Sometimes this query can block for 50 seconds

Reprorate ~ 20%

Tags:

Revision history for this message

Alexei Kornienko (alexei-kornienko) wrote on 2013-11-11:

trace showing this issue Edit (194.5 KiB, application/pdf)

Revision history for this message

Alexei Kornienko (alexei-kornienko) wrote on 2013-11-11:

second trace Edit (182.4 KiB, application/pdf)

2nd trace attached:

Seems that instance A is doing block_device_destroy and instance B has to wait until it finishes.

Revision history for this message

jiang, yunhong (yunhong-jiang) wrote on 2013-11-11:

you mean instance B's quota reserve has to wait till the block_device_destroy finished and thus cause a long time waiting?

Revision history for this message

Alexei Kornienko (alexei-kornienko) wrote on 2013-11-11:

Yes. That's what I see.

Revision history for this message

jiang, yunhong (yunhong-jiang) wrote on 2013-11-12:

But the lock for the quota reserve happens only in the session, strange why it will be impacted by the block_device_destroy. Are you collect the performance using single system, so that both the block_device_destroy and the database has intensive disk access?

Revision history for this message

Alexei Kornienko (alexei-kornienko) wrote on 2013-11-12:

Hi, yes it's a single node devstack installation. However I don't think that this is the source of the problem cause it has enough ram and db fits in memory.

Revision history for this message

Joe Gordon (jogo) wrote on 2013-11-13:

I added a test for this into the gating large ops test: https://review.openstack.org/56123

Boris Pavlovic (boris-42) on 2013-12-04

Changed in nova:
assignee:	nobody → Alexei Kornienko (alexei-kornienko)
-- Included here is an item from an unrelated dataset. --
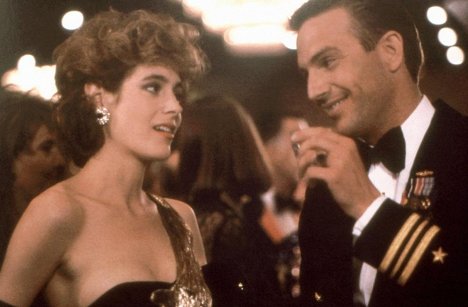 Sean Young, Kevin Costner - Bez východiska - Z filmu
Matt Riedemann (mriedem) on 2014-01-27

tags:

added: db

Joe Gordon (jogo) on 2014-02-05

Changed in nova:
status:	New → Confirmed
importance:	Undecided → Medium

Revision history for this message

Joe Gordon (jogo) wrote on 2014-02-07:

I just tried to reproduce this here https://review.openstack.org/#/c/56123/ and wasn't able to. Perhaps this has been fixed or something is wrong with my test.

Since I cannot confirm this bug, ,marking this bug as incomplete. If you are still able to reproduce this please move the bug back to confirmed, and hopefully tell me what I am doing wrong.